In terms of design, the Greenhouse features green roofing, which is one of the key elements. The green roof supplies fruit and vegetables for the restaurant, as well as offering cooling insulation. It is also used to house any food waste, which is used as mulch and fertilizer for the plants. Straw is used for insulation and cooking oil is converted into bio-diesel which powers generators for the building.
The frames of the building are made out of recycled steel, natural linoleum has been used on the floor, and water from bathroom sinks are used to flush the toilets. All of the cutlery is made form plantation timber, and like every other object in the building, is able to be 100% composted.
Seats are made from leather offcuts from Ballarat and lights from recycled wire entwined with willow.

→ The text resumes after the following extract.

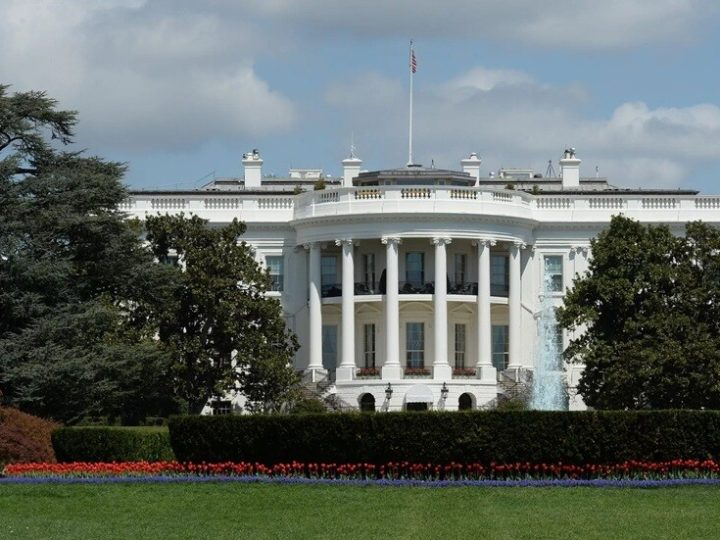 واشنطن تعلن إرسال فريق تفاوضي إلى إسلام آباد بقيادة فانس لاستئناف المفاوضات مع إيران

The simplest idea of the Greenhouse by Joost is that of produce delivery in returnable packaging. This is the aspect that allows the building to be completely waste free. Milk is delivered to the restaurant straight from farms in milk buckets, which are then returned for the next delivery. Wheat is treated the same way, left in bags that are returned, refilled and reused. The simplicity of the concept is having an extraordinary impact.
The temporary nature of the building means it is only in Sydney Circular Quay for eight weeks from the beginning of February, after touring Perth and Melbourne’s Federation Square. After which time it will be taken on a European tour starting in Milan, showing the rest of the world what Australia has to offer in terms of green building.

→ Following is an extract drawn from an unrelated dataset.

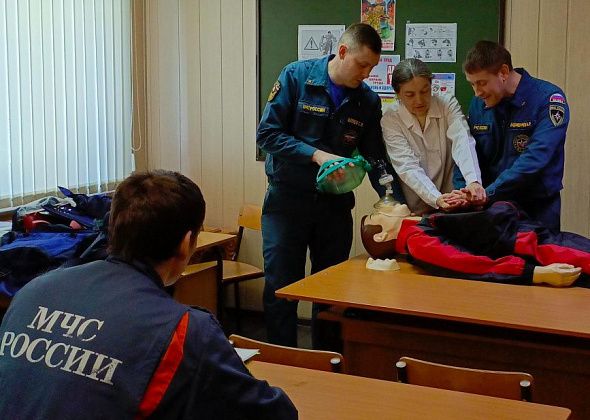 Карпинские спасатели отрабатывали сердечно-легочную реанимацию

This world-class building is essentially the simple idea that Mr. Bakker had about community and sustainability going hand in hand. Proven time and time again, by revaluating traditional models and using simple innovative ideas it is possible to work sustainably, without dealing with complex and costly issues. In summarising the basis for the building Mr. Bakker puts in down to consuming only what is necessary. He said,
“You only need eight square meters of garden to sustain a family. Once everybody grows there own food, they’ll be connected again”.